Hi List,
I'm stumped by this:
load average: 10.65, 594.71, 526.58
We're monitoring load every ~3 minutes. It'll be fine (i.e. something like load average: 2.14, 1.27, 1.03), and then in a single sample, jump to something like the above. This seems to happen once a week or so on a few different servers (all running in a similar application). I've never seen the 1 minute sample spike as high as the 5 or 15 minute samples.
Seeing as that last value is a 15 minute period, well, it doesn't seem possible that one can have a 500+ 15 minute sample without having observed a spike in the 5 minute sample at least 5 minutes before.
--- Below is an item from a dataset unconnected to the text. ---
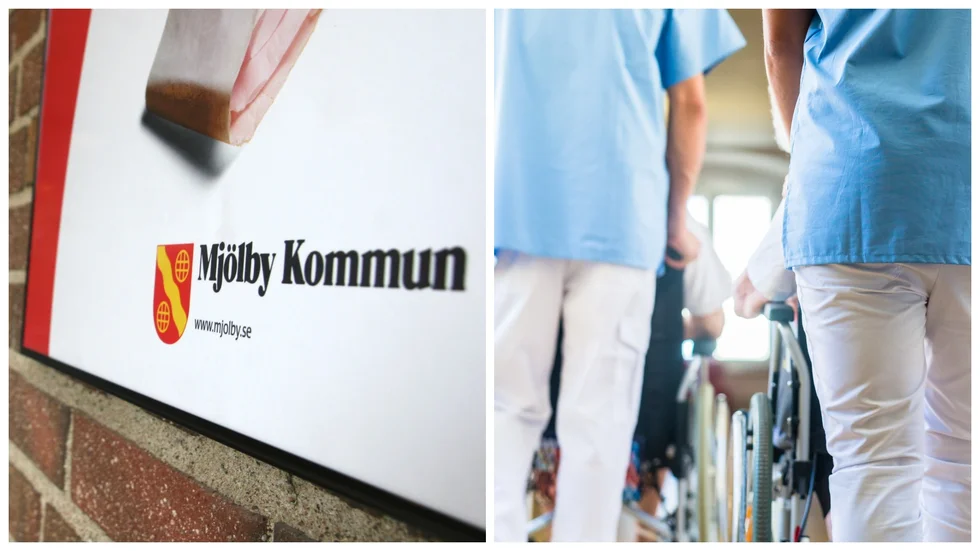 Att hålla en högre hygiennivå inom vård och omsorg är ett bra beslut för både vårdmottagare och personal, eftersom vi där har särskilt smitt- och sjukdomskänsliga personer, samt ett tufft bemanningsläge, skriver kommunstyrelsens ordförande.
Also, there aren't 500+ processes on these systems -- it's typically around 100 total processes (ps auxw | wc -l). (Is there a way to see the total count of kernel-level threads?)
Thoughts?
best, Jeff
Linux someHostName 2.6.18-8.1.8.el5 #1 SMP Tue Jul 10 06:39:17 EDT 2007 x86_64 x86_64 x86_64 GNU/Linux
CentOS release 5 (Final)
09:31:15 up 65 days, 17:45, 2 users, load average: 0.92, 200.91, 371.30
Wednesday 05 December 2007 15:39:41 J. Potter napisał(a):
Hi List,
I'm stumped by this:
load average: 10.65, 594.71, 526.58
We're monitoring load every ~3 minutes. It'll be fine (i.e. something like load average: 2.14, 1.27, 1.03), and then in a single sample, jump to something like the above. This seems to happen once a week or so on a few different servers (all running in a similar application). I've never seen the 1 minute sample spike as high as the 5 or 15 minute samples.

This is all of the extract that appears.